# made the leap - HDS7 touch



## XChris1632X (Jun 12, 2013)

Now I'm scared. I paid $1500 with mounts for this unit and I'm having second thoughts. My biggest fear is that it won't help me catch 1 single fish. I have always been more of a river and cove guy and can tear the bass up in Michigan where I fish but Ohio is horrible for me. I have been out to alum 3 times this year and have caught 2 tiny small mouth to speak of. And they were both at the damn. I know the electronics can't catch them for me but I am having my doubts on what good I will see. If that unit puts my on a spot that nets me a handful of fish within the same 3 trips I would be ecstatic and call it well worth it but again, I am thinking twice.

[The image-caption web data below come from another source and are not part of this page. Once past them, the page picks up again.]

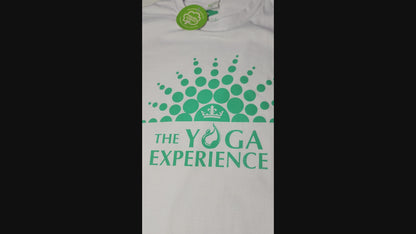 Camiseta The Yoga Experience 100% orgânica unissex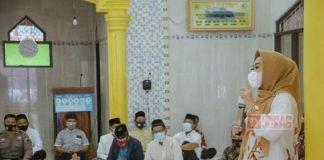 Bupati Tiwi Izinkan Desa Zona Hijau Adakan Sholat Id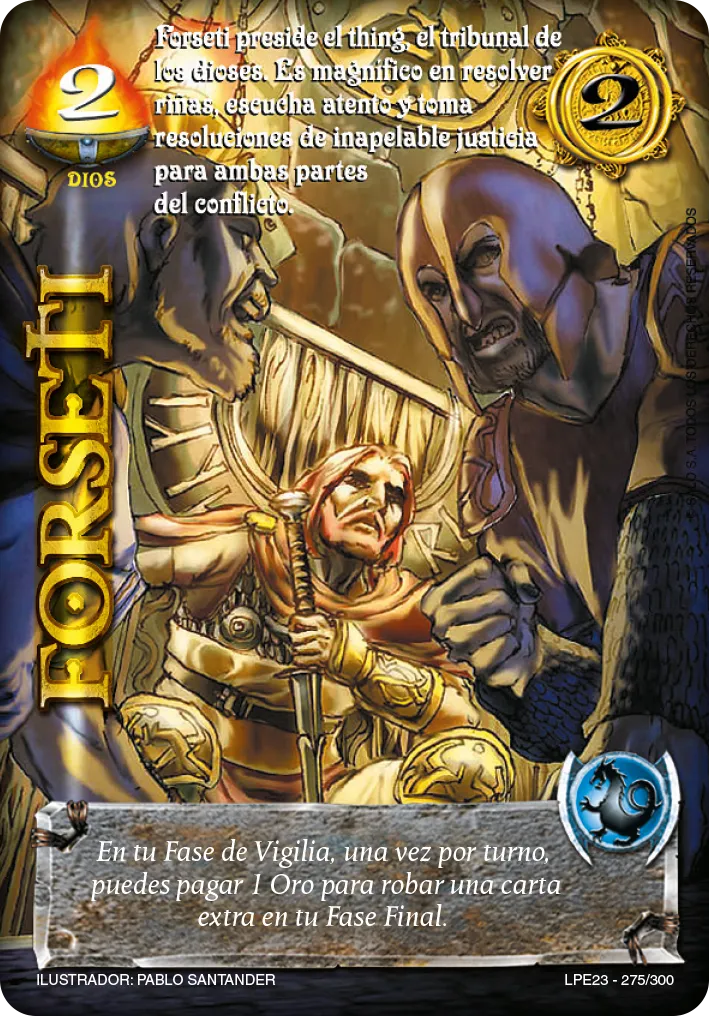 Forseti — Leyendas 3.0
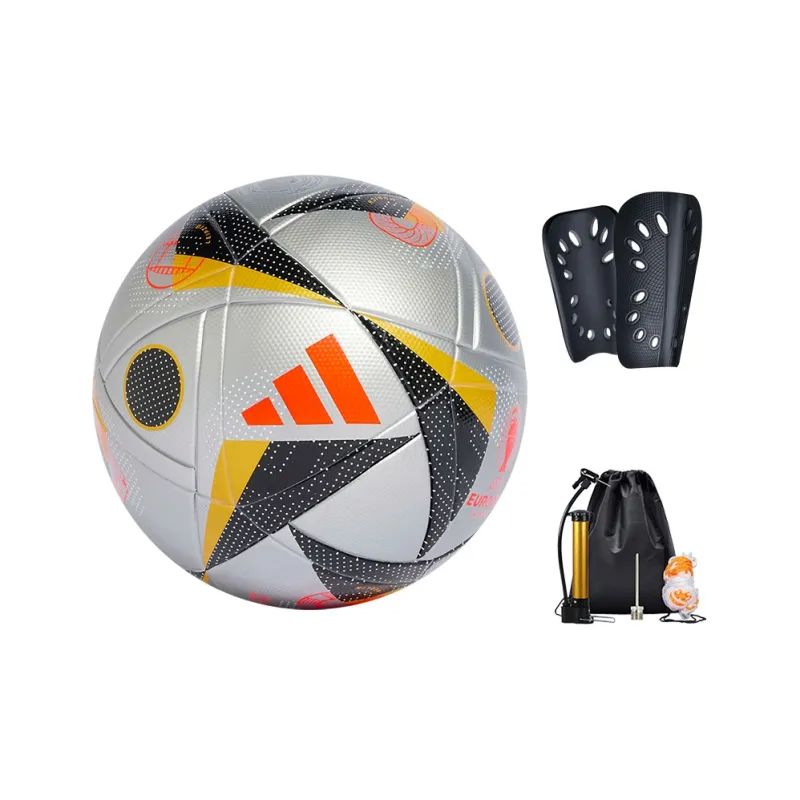 Adidas Size 4 Ball Size 5 Ball Soccer TPU Unisex Metallic Silver/Gold/Black/Red Fluorescent-6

Any tips to a first time user. The only electronics I know up until now is my 79.00 hummingbird that came with my boat in 2004 and I haven't seen one fish from any help it provides.


----------



## Javelin389T (Sep 30, 2011)

All your answers are here.

http://www.bbcboards.net/lowrance-garmin-sonar-gps/


----------



## G3guy (Feb 21, 2013)

Check out the Dr. Sonar DVDs they will help out from setting up the unit to different settings used on the water and how to interpret what you are seeing. There are DVDs for specific models of depth finder just make sure you get the right one. They will help!!


----------



## Bassbme (Mar 11, 2012)

The only way a good depth finder won't help you catch fish, is if you only fish the bank. And even then. a depth finder can help you identify areas that may be more productive than others. You're right in saying that a depth finder won't actually catch the fish for you. But it is an invaluable tool in helping you locate where they feed and hold throughout the day, and year. Especially on a lake like Alum Creek. And especially when fishing for smallmouth bass. Alum Creek is a structure fisherman's dream. It has it all. 

Before I go on, I'm sure you've heard or read the word structure used. You've also probably heard or read it used improperly. I've heard some people call stumps, weeds, or tree laying in the water, "structure". Those things are not structure, they're cover. Structure is a change in the bottom contour of the lake, (or river) and usually (but not always) involves a change in depth. Examples of structure would be drop offs, points, humps, flats, river and creek channels, just to name a few. 

An easy way to equate the two would be to compare a lake, to a house. Structure is the way the house is built. The layout of the walls, the halls, the stairs, the doorways ... basically travel routes. Cover would be the furniture in the house. Couches, chairs, tables ... places to stop and rest, to eat, to hide.

While on the topic of structure and cover .... there are obvious forms of cover and structure that have already been mentioned. But there are forms of each that aren't so obvious. Most people think of cover as an object, but a depth change, especially a rapid depth change can act as cover to a fish. As can a shade line, or a water clarity change. Some examples of not so obvious structure changes would be, the change from a mud to a sand bottom, or mud to rock, sand to rock, or a change in the size of rock from one area to another. Fish will use these kind of places as travel routes or feeding and resting stations. Your job is to first learn and seek out the types of places the type of fish you're trying to catch, use. And then to learn to identify them by interpreting what you're seeing on your screen. 

Just one more thing. Don't make the rookie mistake that I, and many others have made but maybe aren't willing to admit. Don't expect your depth finder to always show fish, because it won't. Even if there are fish in the immediate vicinity of the boat, it doesn't mean you'll always be able to see them on your screen. The water you're fishing in may be too shallow or too clear for the fish to stay under the boat as it passes over. Or, they could be just out of the coverage area of your sonar signal. There are also blind spots in sonar that are caused by objects in the water, or very abrupt depth changes. As I said ... just because you don't see them, doesn't mean they aren't there. 

It's not as hard as it may sound. The videos that were suggested will definitely help you learn the operation of your unit, and will help you interpret what you're seeing on your screen, but they can't replace actual time on the water. The more you use it, the better you'll get at reading it, and the more fun you'll have. 

Learn the fish you're seeking and the places they like to frequent, then learn the techniques to catch them, then use your sonar unit to find them. Trust me .... the first time you have a 5# smallmouth come rocketing out of the water on one of those Alum Creek drop offs you found with your new unit, you'll be happy as a clam.


----------